The TORPEDO team also anticipated that the value to Primary Health Networks (which at the time were known as Medicare Locals) would be in the form of improved workflow and easier audit and performance management within GP practices. A modelled cost effectiveness analysis showed a small but statistically significant reduction in clinical risk factors within a PHN population based on the TORPEDO trial data, suggesting a small economic benefit from preventing CVD events (paper submitted). The economic evaluation showed that if HealthTracker were to be scaled up to a larger population, the intervention has potential to prevent major CVD events at under AU$50,000 per event averted. However, at the PHN level, investment decisions for commissioning similar interventions based on cost-effectiveness analyses are scant.

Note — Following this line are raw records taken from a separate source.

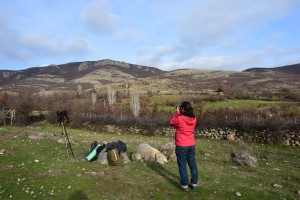 Counting griffon vultures in the Eastern Rhodopes, Bulgaria.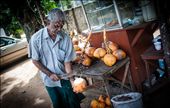 Sunny Sri Lankan afternoons mean that Tillekeratne usually sells most of his King Coconuts. The fruits come from a tree in his own garden and sell at about Rs. 40(US$ 0.32) a fruit.  : by fahad_farook, Views[730]
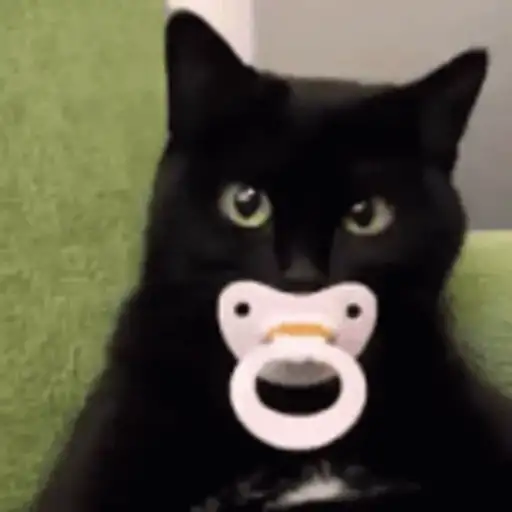 🖤 GATO NEGRO HALLOWEEN 🖤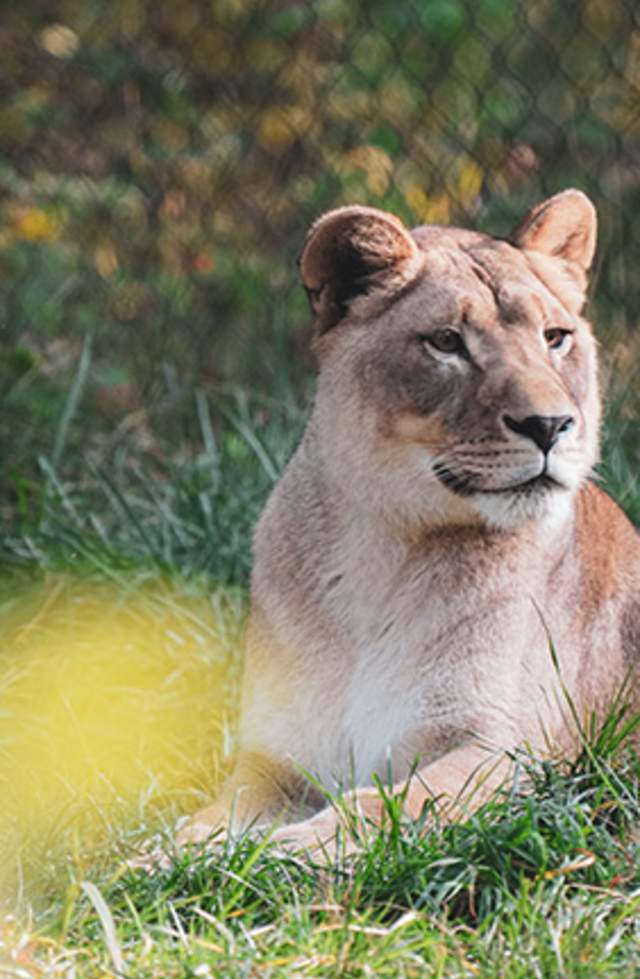 Lion Experience is the 'mane' attraction at Binder Park Zoo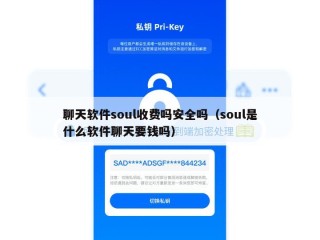 聊天软件soul收费吗安全吗（soul是什么软件聊天要钱吗）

The heavy burden of preventable and costly cardiovascular disease, particularly in Aboriginal communities, made the value proposition particularly compelling for community leaders. One researcher recalled, when recruiting the Aboriginal Community-Controlled Health Services to the TORPEDO trial, “it was just so pressing how – every one of the [community] board members, either themselves or relatives, knows someone who’s died of heart disease, or stroke, or diabetes, or kidney diseases; it’s just absolutely everywhere” (ex post interview 2).

Some individual GPs shared this perspective, viewing HealthTracker in positive value terms as supporting better (more proactive) care and making it easier and quicker to follow evidence-based guidelines and monitor their own performance. They felt it could potentially save them time “because it got all sorts of information out of the medical record and told you what otherwise you have to go hunting for” (ex post interview 5). Because HealthTracker synthesised several guidelines so as to streamline decision-making in patients with multi-morbidity, it saved considerable time sourcing individual guidelines.

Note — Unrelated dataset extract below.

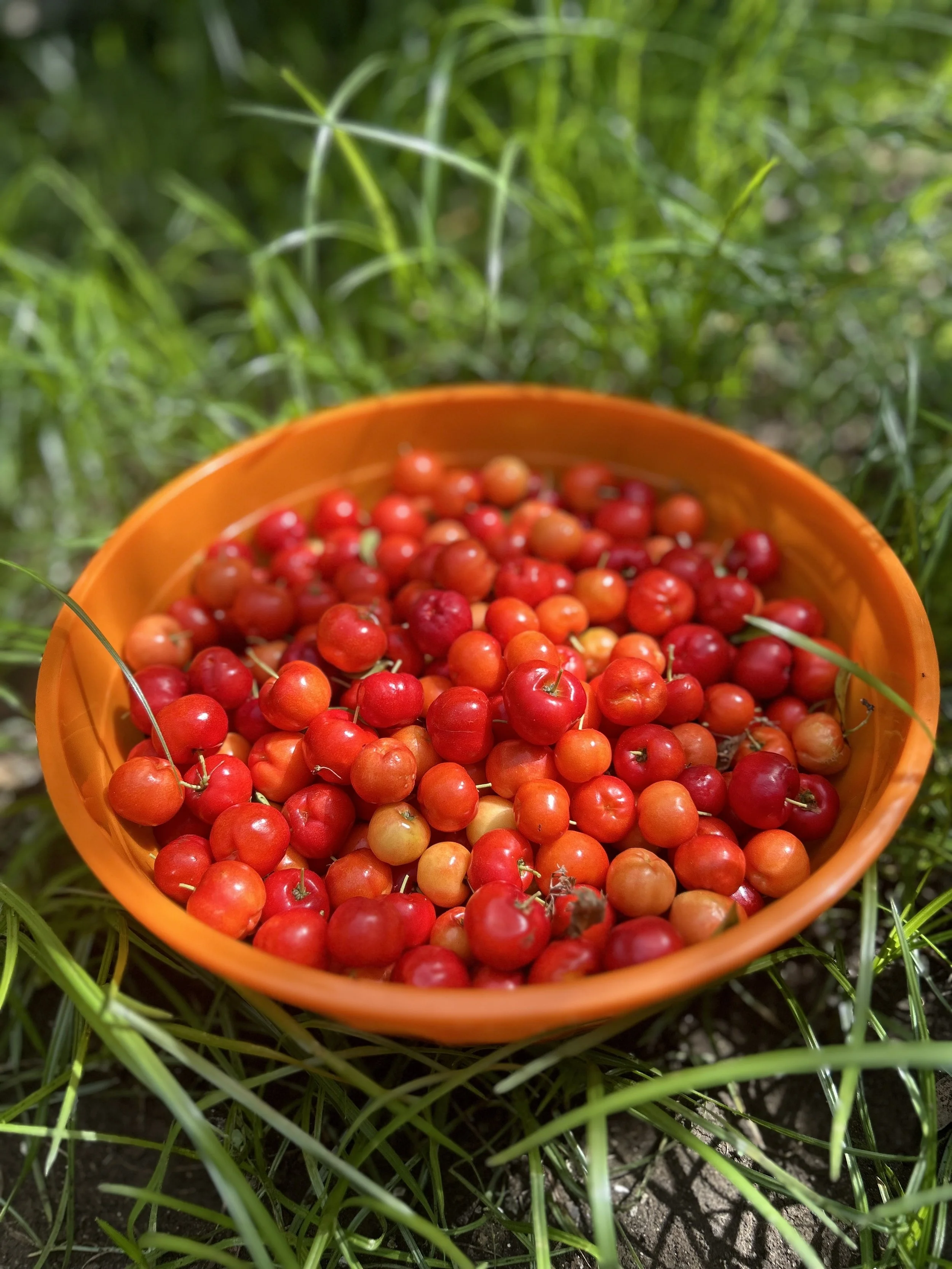 100% Vegan Friendly Organic Cherries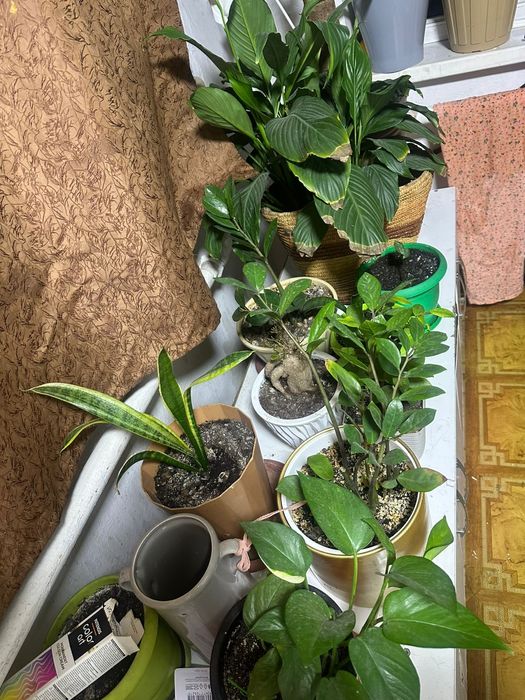 Продам красивые,интерьерные цветы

But this would generate value only for GPs who were committed for professional reasons to delivering guideline-informed care, since HealthTracker increased overall consultation length [33]. The conversation triggered by the risk visualisation tool could sometimes be lengthy (“the thing is, it’s not time to run the programme, it’s time to actually chat to the patient. So if you’re going to go through all this, you’ve got to be prepared to have a good 10 minute chat with the patient because you actually want to engage them and help them understand where they’re at and make a difference and that’s the time.”—GP in TORPEDO study, 2282-005). Since the Australian payment system predominantly rewards GPs on a fee-for-service basis rather than (say) incorporating a pay-for-performance scheme (as in the UK Quality and Outcomes Framework [35]), the technology could be viewed as having negative financial value for GPs, especially given the many technical “bugs”, which could be time-consuming to resolve.

The value of HealthTracker to patients was complex and varied for different individuals and communities. For example, only a minority of patients valued the focus on prevention and future health gain: “patients who are not at high risk, who are motivated and got high health literacy, are the minority, [while] the majority of patients at high risk have got multiple problems and need much more hands-on working” (ex post interview 4). And some GPs had commented that using HealthTracker would increase their professional status in the eyes of current or potential patients—“that you’re a 21st century doctor and you’re doing the right thing” (ex post interview 4).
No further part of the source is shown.